# [Wet Thumb Forum]-Fish for .75Gal Nano Walstad-style planted tank?



## OwenG (Jul 1, 2004)

Hello,

I set up a nano-planted tank about a month ago on my desk here at work (one of those RedSea nano-tanks). Plants are doing good (Wendtii "Red" and Marsilea minuta), and there has been virtually no algae at any point (wish my other tanks were like that).

I'd like to add a fish or two (or something different). Does anyone have any recommendations for this tank? I wouldn't be able to feed the fish over the weekend (standard desk job).

Thanks,
-OwenG


----------



## OwenG (Jul 1, 2004)

Hello,

I set up a nano-planted tank about a month ago on my desk here at work (one of those RedSea nano-tanks). Plants are doing good (Wendtii "Red" and Marsilea minuta), and there has been virtually no algae at any point (wish my other tanks were like that).

I'd like to add a fish or two (or something different). Does anyone have any recommendations for this tank? I wouldn't be able to feed the fish over the weekend (standard desk job).

Thanks,
-OwenG


----------



## feefeefish (Apr 5, 2004)

It's quite small, even for a betta.

A cute little creature is a mystery snail, also called an apple snail. Latin name is _Pomacea Bridgesii_. They are a riot to watch, and you could feed it Friday and it should survive over the weekend. It likes algae/bottom feeder pellets, flake food and slices of cooked zucchini/squash/carrot (no sauce, but make the veggie soggy!







). It generally will not eat a healthy plant; it prefers wilting/dead vegetation as that is what its teeth are designed for. It can get to about 3". It likes temps of 65-82F. They live a year or so. www.applesnail.net has good info.

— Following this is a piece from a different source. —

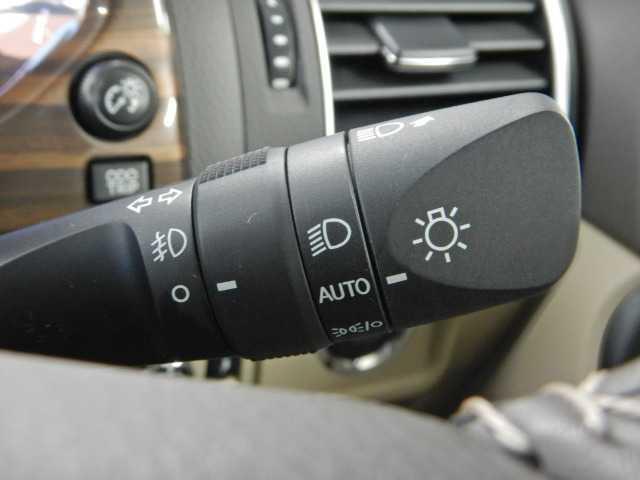 ランドクルーザープラド ２．７ＴＸ－ＬマットブラックＥＤ　ＳＲ／全方位カメラ　ナビ　オートクルーズ　踏み間違い防止装置　ワンオーナー車　３６０度カメラ　電格サードシート　フロントカメラ　セキュリティー　シートヒータ　電動パワーシート　黒革シート　ＥＴＣ車載器　３列シート　地デジＴＶ（36枚目）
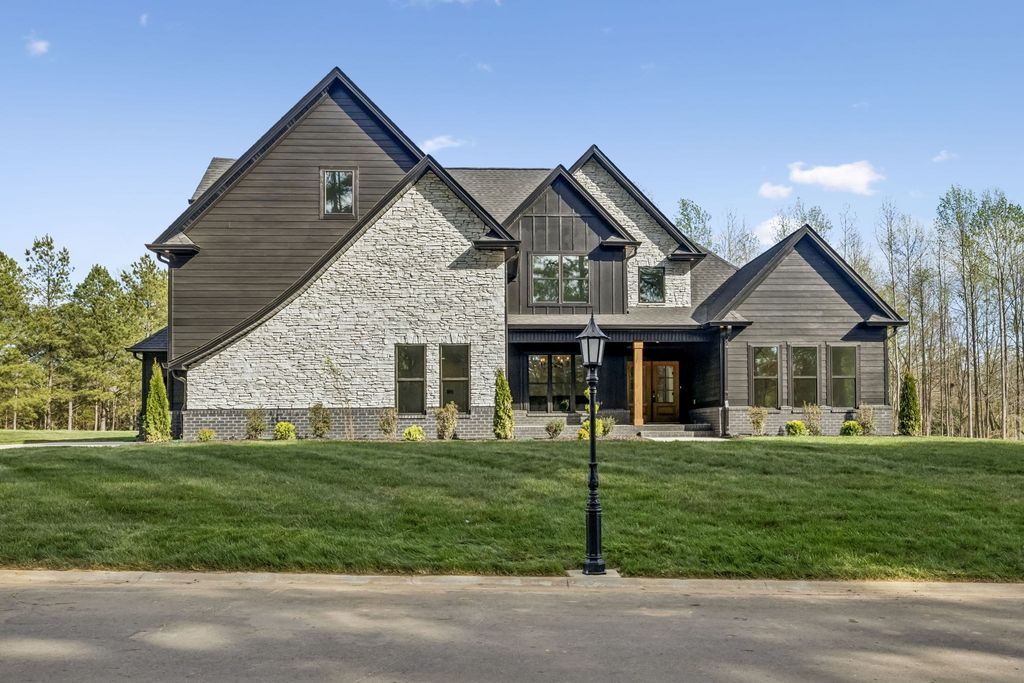 4025 Sadie Grace Way, Clarksville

One or two Malaysian Trumpet Snails also would keep the substrate aerated, and when you do see them, they look like tiny ice-cream cones.


----------



## OwenG (Jul 1, 2004)

feefeefish,

Thanks for taking the time to respond.

I once purchased 4 applesnails, about two years ago. I thought they would make a nice addition to a 20 gallon heavily-planted tank. I put them in the tank in the early evening. The next morning, they had 'mowed' nearly a third of the tank. They didn't really seem to care for eating anything, they just liked to cruise up to the base of my stem plants and whack 'em down, then move on to the next plant. I removed all of the now floating plant matter to the trash, as well as removing two of the snails to another tank and went off to work. When I got home, the two snails still in the tank had clear-cut a rather large planting of ambulia and we're still going rampant. At that point I decided enough was enough and gave the snails to a LFS.

I've got 3 Malaysian Trumpet Snails in the tank now. My tanks are all quite heavily stocked with these little guys, so I put a few in (and if anyone in the SLC area needs trumpet snails, I'm you're guy).

Thanks tho,
-OwenG


----------



## feefeefish (Apr 5, 2004)

Wow, Owen! Was that perhaps a different species of apple snail? The "mystery" snails I have don't seem to go for plants.

How about other inverts? I hear that cherry/ghost/amano and other shrimp are very pretty and amusing to watch, but I don't know enough about them to know if they could live over the weekend, or in a 0.75 g tank. Since they are "clean-up" guys like the snails, they could probably manage over the weekend if you leave something in there for them to munch on.


----------



## superjohnny (Jul 31, 2004)

I have 4 endlers livebearers in a 6g. The males are pretty little fish. Females are kind of bland, but nice in their own right.


----------



## Wally (Aug 31, 2003)

> quote:
> 
> Originally posted by feefeefish:
> 
> ...


There are several species of snails sold as mystery snails. Here is a good link about them written by a great guy (me) http://www.aquariumhobbyist.com/snails/snailcare.htm

The two most common species are _P. bridgesi_ and _P. caniliculata_Of the two P. bridgesi will not bother plants but P. caniliculata will mow them all down. Here is another link for you that shows the difference
http://www.aquariumhobbyist.com/snails/snailsplants.htm


----------



## DataGuru (Mar 11, 2005)

That's way too small for an apple or mystery snail. They get pretty big. I'd agree that shrimp may be your best bet, as they're generally light on the bioload.

Here's another good link on identifying snails:
What is this snail? Will it eat my plants?


----------



## dwalstad (Apr 14, 2006)

I'd go with the shrimp. I had some filter feeding shrimp that were delightful to watch. Also, some of the killifish are used to tight quarters.

If you add livebearers, you may get a tank full of fish, which you'll have to thin out periodically.

Keep a little debris in the tank and whatever you put in there will probably get enough protozoa and little critters to survive weekends without food. If you have soil in your tank, you may have a sufficiently developed ecosystem for a few fish to find food. 

Also, you could experiment with vacation feeders for those longer times that you'll not be there to feed the fish.


----------



## nativeplanter (Jan 27, 2004)

I would use Heterandria formosa, the least killifish. Not a killifish at all, but a tiny native US livebearer. Females are about 3/4", males less. You can find them on Aquabid.com, or I sometimes see them in the ghost shrimp tank at the pet store, where have come in as weeds from the suppliers aquaculture vats. One of my favorite fish.

-Laura


----------



## OwenG (Jul 1, 2004)

Thanks everyone for your suggestions. I had a hunch I'd probably end up with shrimp or other invertebrate, given the weekend diet requirements, so I'll probably pick up a couple of cherry shrimp or the like when my LFS next has them.

Thanks again,
-OwenG


----------